Decision Transformer is just a GPT model conditioned on desired returns. Returns, states and actions are fed into the model like tokens in a sentence (trajectory).
At evaluation time, specify the desired episode return and sequentially sample actions to get your policy.
For simplicity, we consider offline RL setting (although we aren't limited to this).
In offline RL, we train on a fixed dataset of collected experience, mimicking language modeling setup and enabling data-driven behavior learning. But this isn't just imitation learning...
Like Q-learning algorithms, Decision Transformer can "stitch" together subsequences from distinct training examples - just with a sequence modeling objective!
When trained only on random walks over a graph, Decision Transformer learns to generate an optimal shortest path:
On commonly studied offline RL benchmarks, we find this simple idea of sequence modeling with a scalable transformer model performs on par (or better) than SoTA model-free offline RL algorithms!

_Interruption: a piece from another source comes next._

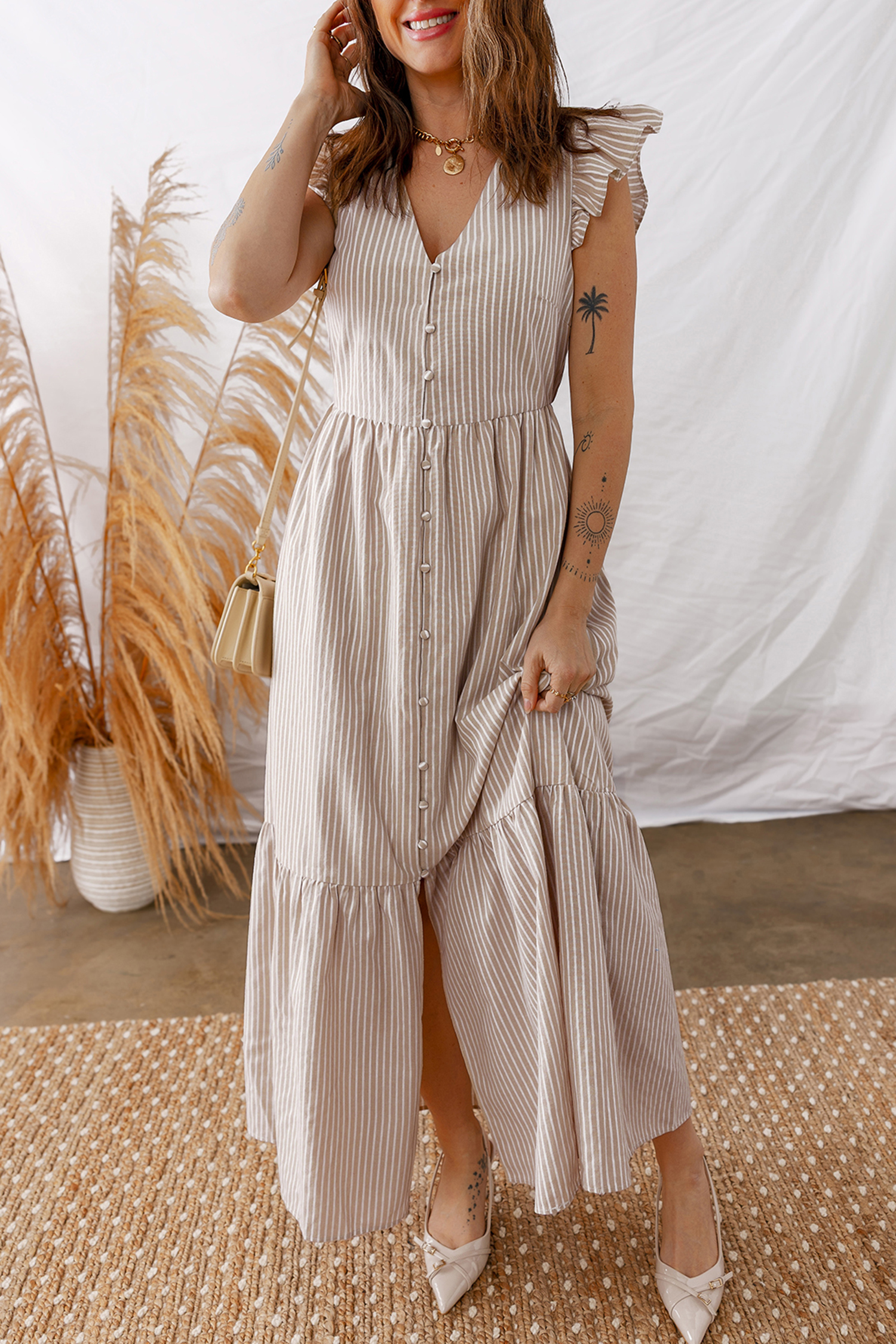 Khaki Stripe Flutter Sleeve Buttoned Front Slit Maxi Dress - loveforevers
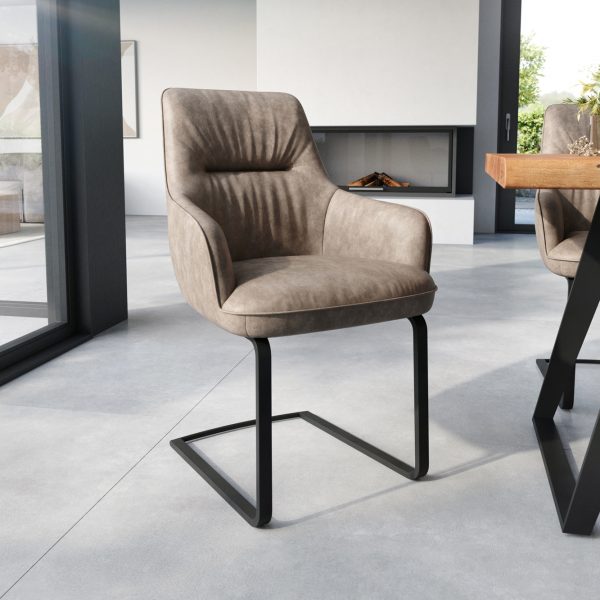 Jídelní židle Zelia-Flex s područkou konzolová podnož plochá černá mikrovlákno taupe vintage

Unlike traditional RL methods that learn narrow policies, Decision Transformer is naturally a multi-task model.
By conditioning on different target returns, we can output many different policies - in some cases, even extrapolating beyond the dataset:
Casting RL as a simple transformer trained with supervised learning would allow us to leverage the scalability & infra of successful models such as BERT, GPT-3, DALL-E for RL. We hope this work encourages more steps in this direction.